Pagliarani juega así la carta de congraciarse con Fernández de la manera más cínica y oportunista posible: mostrándose enemigo de su enemigo. Por lo tanto, si “el barco encalló antes de llegar a puerto”, la culpa es de Müller, de Benedicto XVI, de Juan Pablo II y de todos aquellos que insistieron en un mínimo doctrinal para llegar a un acuerdo. La solución sugerida por la FSSPX es, en cambio, recordar a Fernández su “primer amor”, volver al campo amigo de Francisco, en la perspectiva del “todos, todos, todos”, de los casos particulares de Amoris Lætitia, de la salida de los esquemas: “Durante la última década, el Papa Francisco y usted mismo han promovido ampliamente la ‘escucha’ y la comprensión de situaciones particulares, complejas, excepcionales, ajenas a los esquemas ordinarios. También han abogado por un uso del derecho canónico que sea siempre pastoral, flexible y razonable, sin pretender resolverlo todo mediante automatismos jurídicos y esquemas preestablecidos. La Fraternidad no le pide nada más en la situación actual”.
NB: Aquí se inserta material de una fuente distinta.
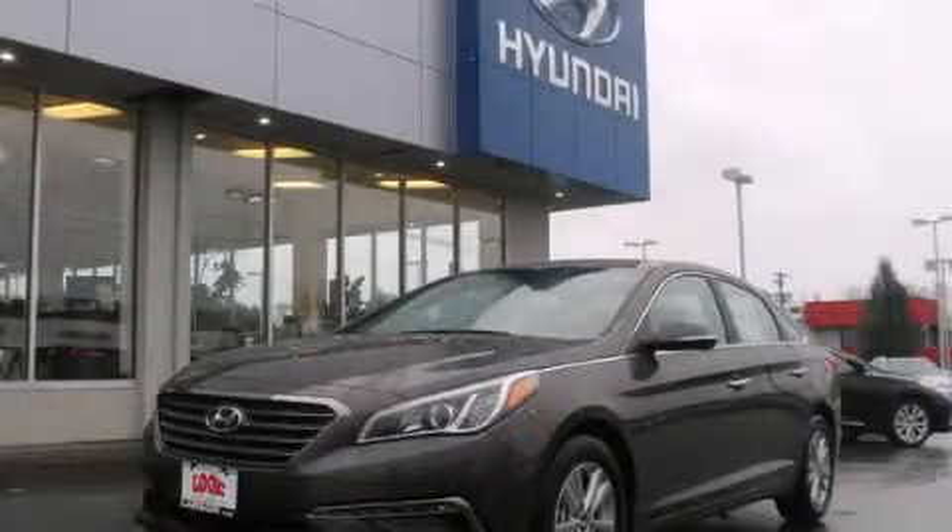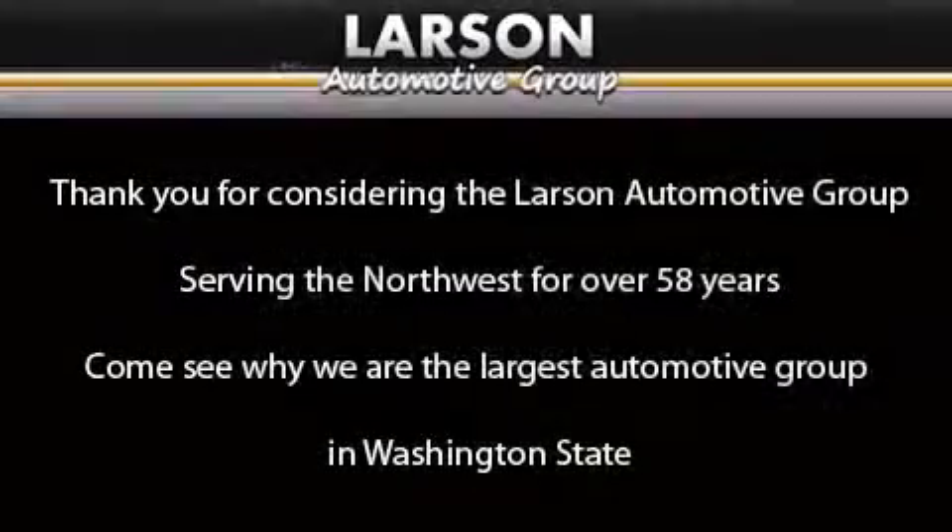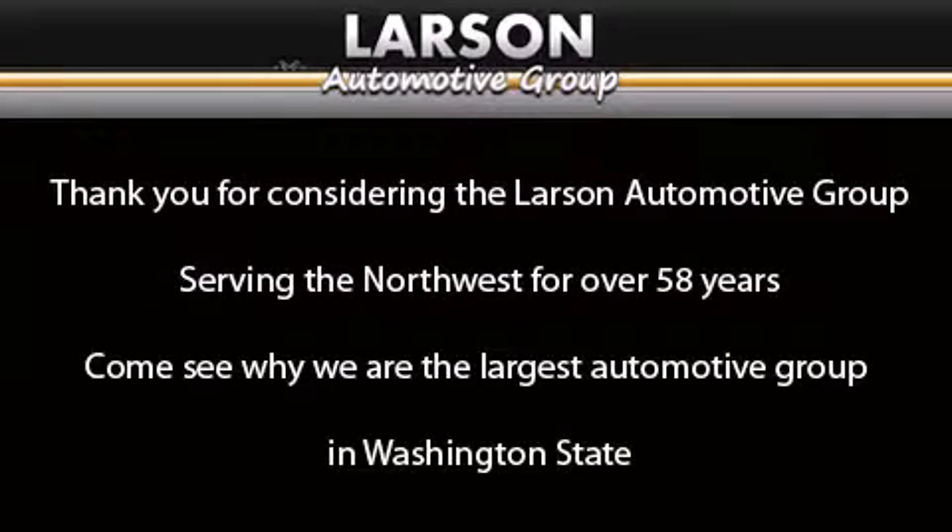Call or visit us right now and arrange your test drive today. Thank you for considering the Larson Automotive Group, serving the Northwest for over 58 years. Come see why we are the largest automotive group in Washington State.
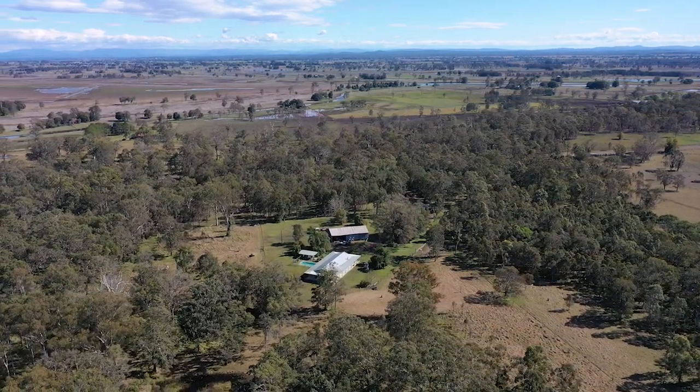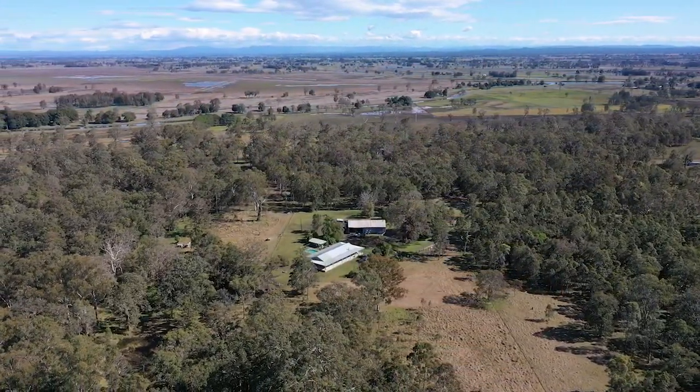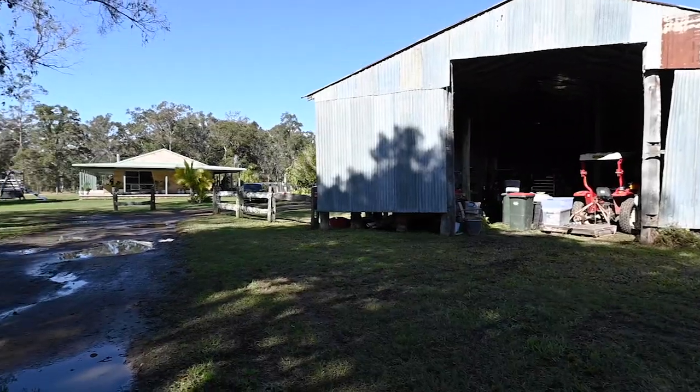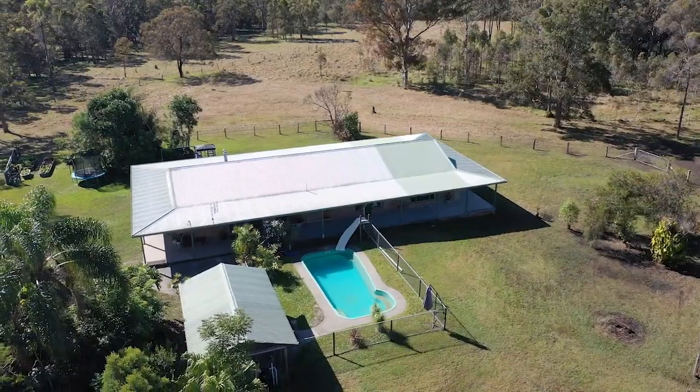I've driven past this property more times than I could count and I've never really known what was at the end of the driveway — it is just so very private. Meander in the front gate and it's just a picture perfect scene. There's a big old barn, a shady tree, an extensive home with wraparound verandas and an in-ground swimming pool.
Pagliarani y sus asistentes se muestran, por tanto, especialmente sensibles a la línea “flexible” de Francisco que ha devastado a la Iglesia durante más de una década y ha empujado a muchos católicos, a menudo de buena fe, a frecuentar las capillas de la Fraternidad para escapar precisamente de esta desgracia. Y, sin embargo, la Fraternidad desea precisamente la “línea Francisco”, a-doctrinal y a-jurídica. No es ningún misterio que haya sido precisamente Francisco el mejor interlocutor de la FSSPX, la cual, fortalecida por la amistad de Bergoglio con el segundo asistente general, Christian Bouchacourt, superior del Distrito de América del Sur de 2003 a 2015, ha tratado de aprovechar en su beneficio las lagunas del Papa argentino en materia de doctrina y su aversión a la dimensión jurídica de la Iglesia, para obtener la aprobación para continuar en su situación cismática. Y el juego casi tuvo éxito: la Fraternidad había obtenido “gratuitamente” la facultad de confesar (hasta entonces inválida) y la posibilidad de que los Ordinarios concedieran la autorización para asistir a los matrimonios de los fieles vinculados a la Fraternidad.
El siguiente paso habría sido pedir a Francisco una “bendición” para las consagraciones episcopales, sin ninguna recomposición de la comunión con la jerarquía católica. Y eso es exactamente lo que la Fraternidad pide ahora a Fernández, pidiéndole que aplique la doctrina “franciscana” de la separación entre doctrina y pastoral: “En el conocimiento compartido de que no podemos llegar a un acuerdo sobre la doctrina, me parece que el único punto en el que podemos encontrarnos es el de la caridad hacia las almas y hacia la Iglesia”, reconociendo “el valor del bien que ella [la FSSPX] puede realizar, a pesar de su situación canónica”. Después del adulterio, también el cisma se ha convertido ahora en un “bien posible”.